◆ Source material:
◆ ◆ ◆

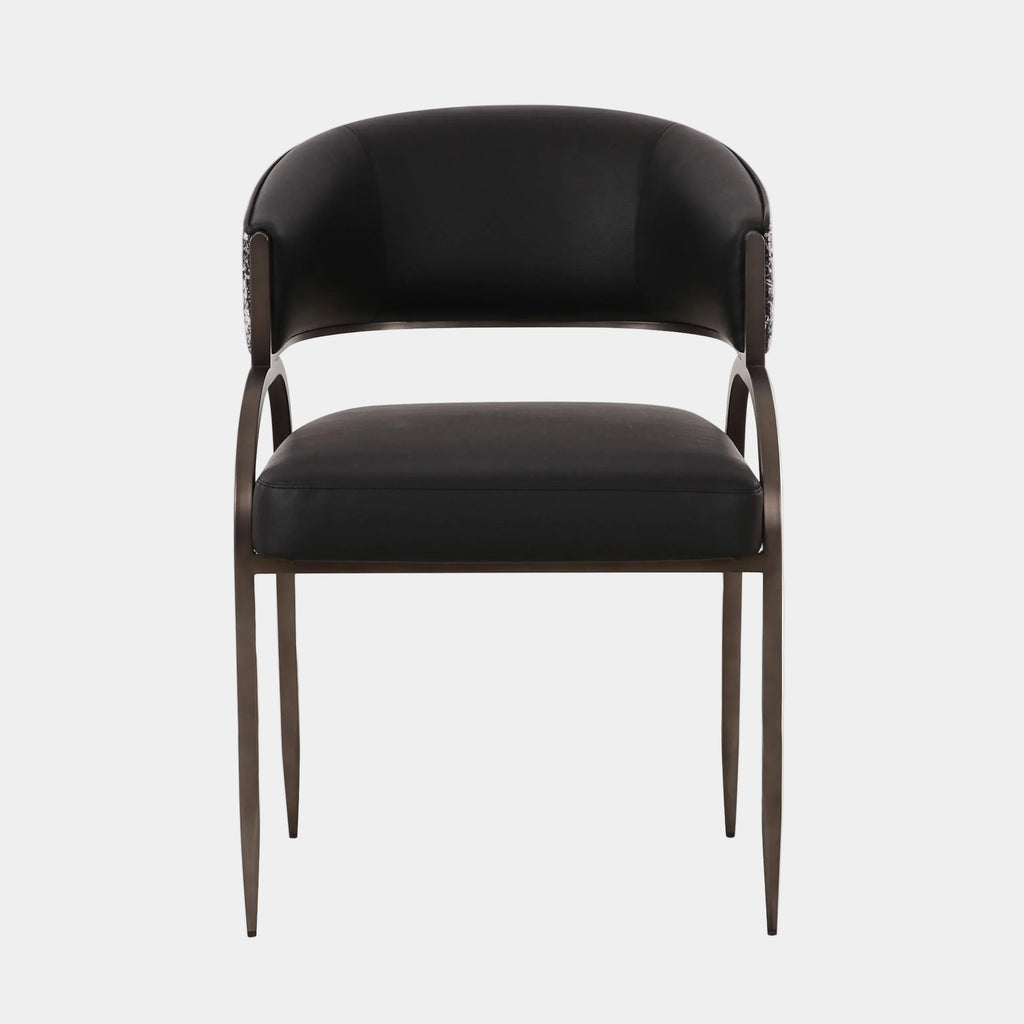 Tatum 2-Tone Performance Vegan Leather Dining Chair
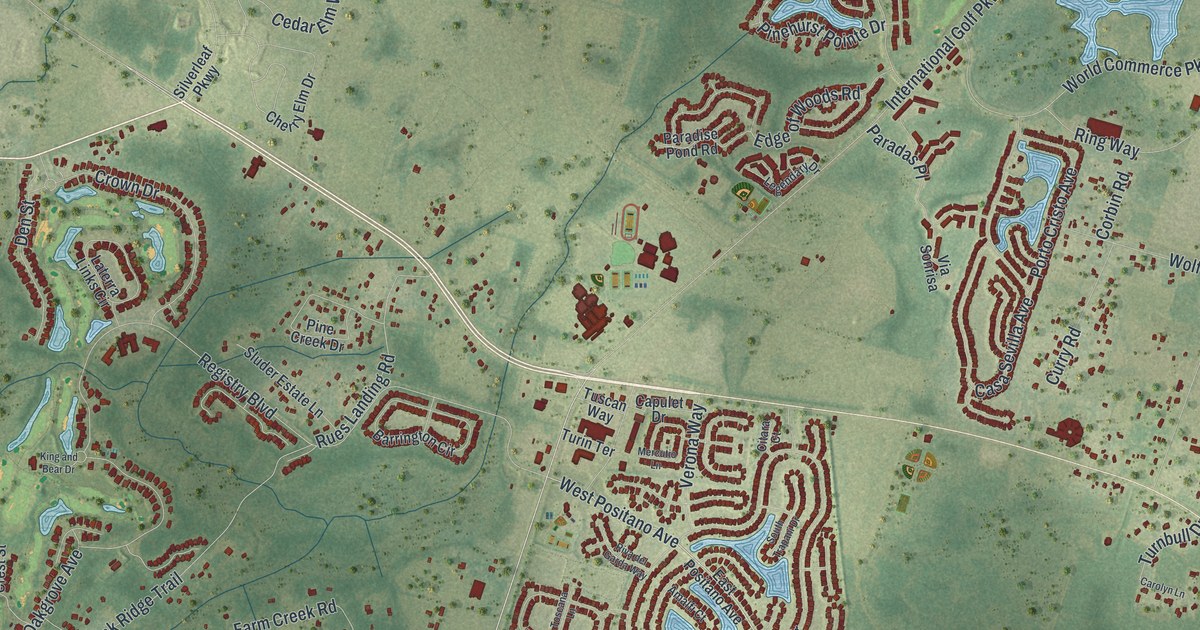 Map of World Golf Village, Florida in 2026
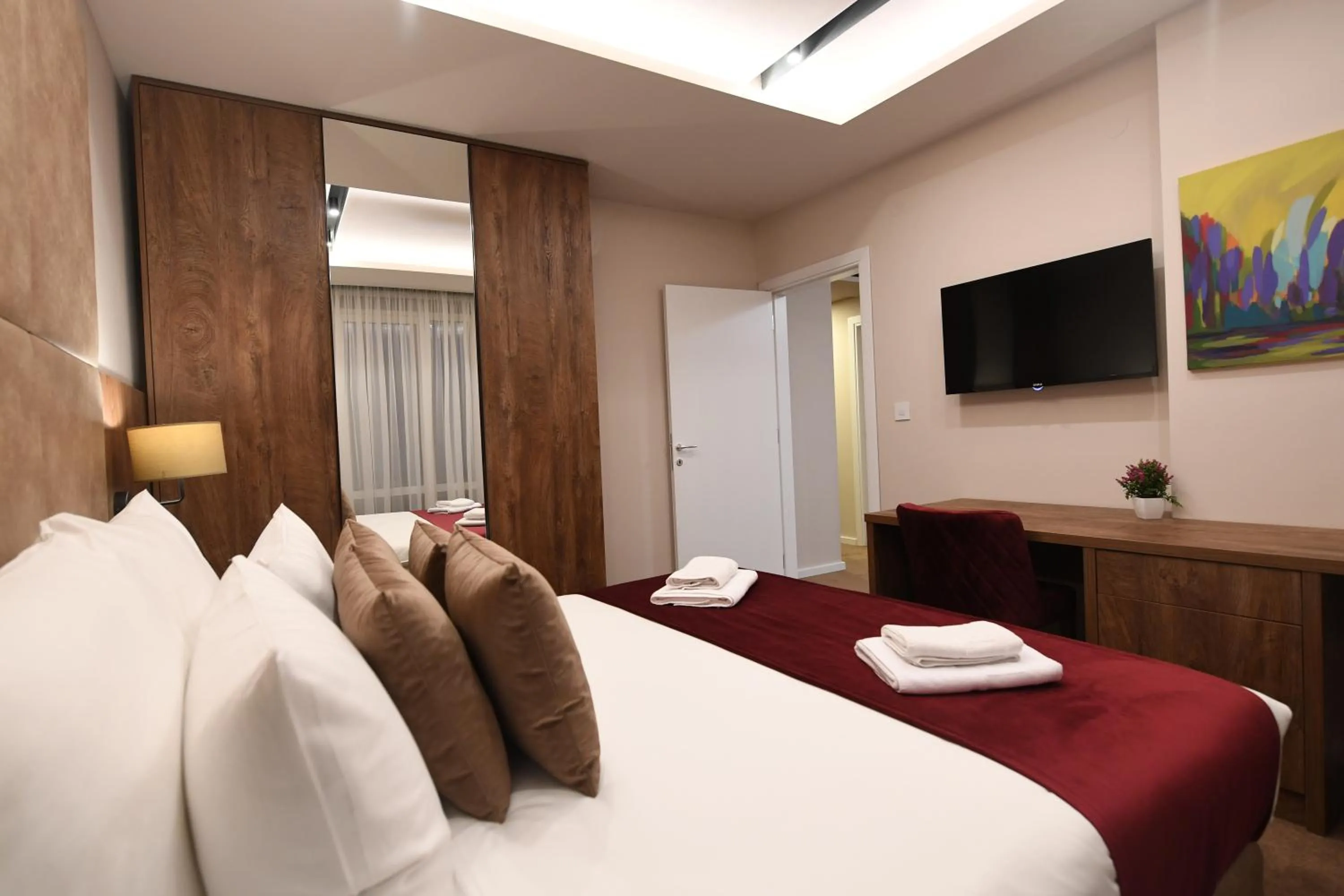 Bed in Hammeum Hotel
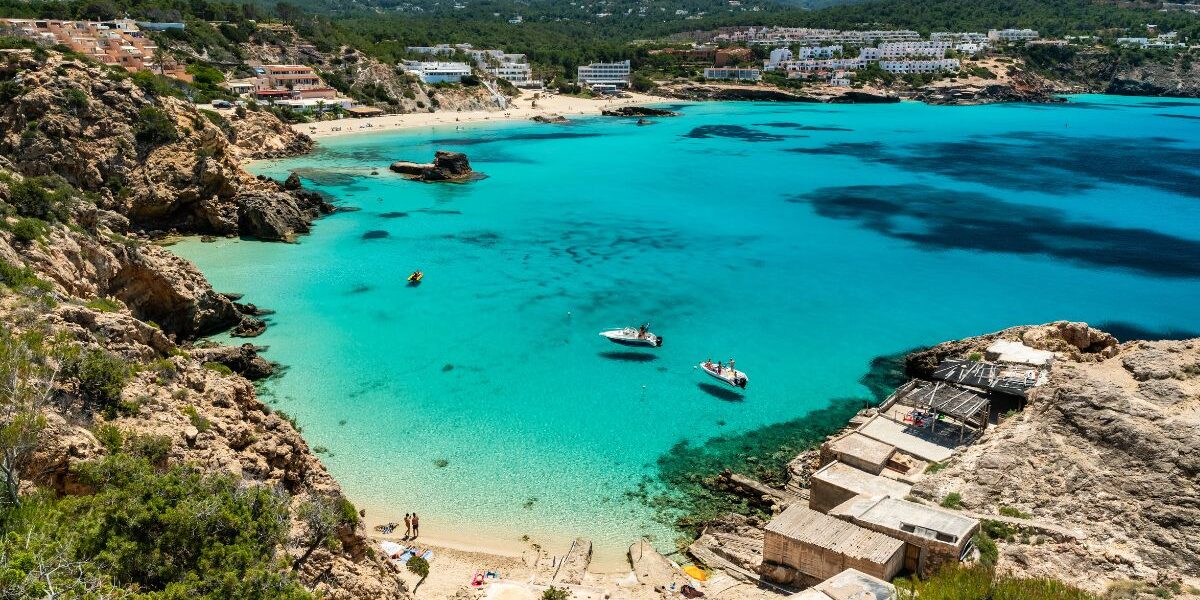 First time in Ibiza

◆ ◆ ◆

◆ Exercise details: Reproduce, unchanged, each line between the one with "Map of World Golf Village, Florida in 2026" and the last line of the material, both included; the pictures do not go in.

◆ Output of the exercise:
 Map of World Golf Village, Florida in 2026
 Bed in Hammeum Hotel
 First time in Ibiza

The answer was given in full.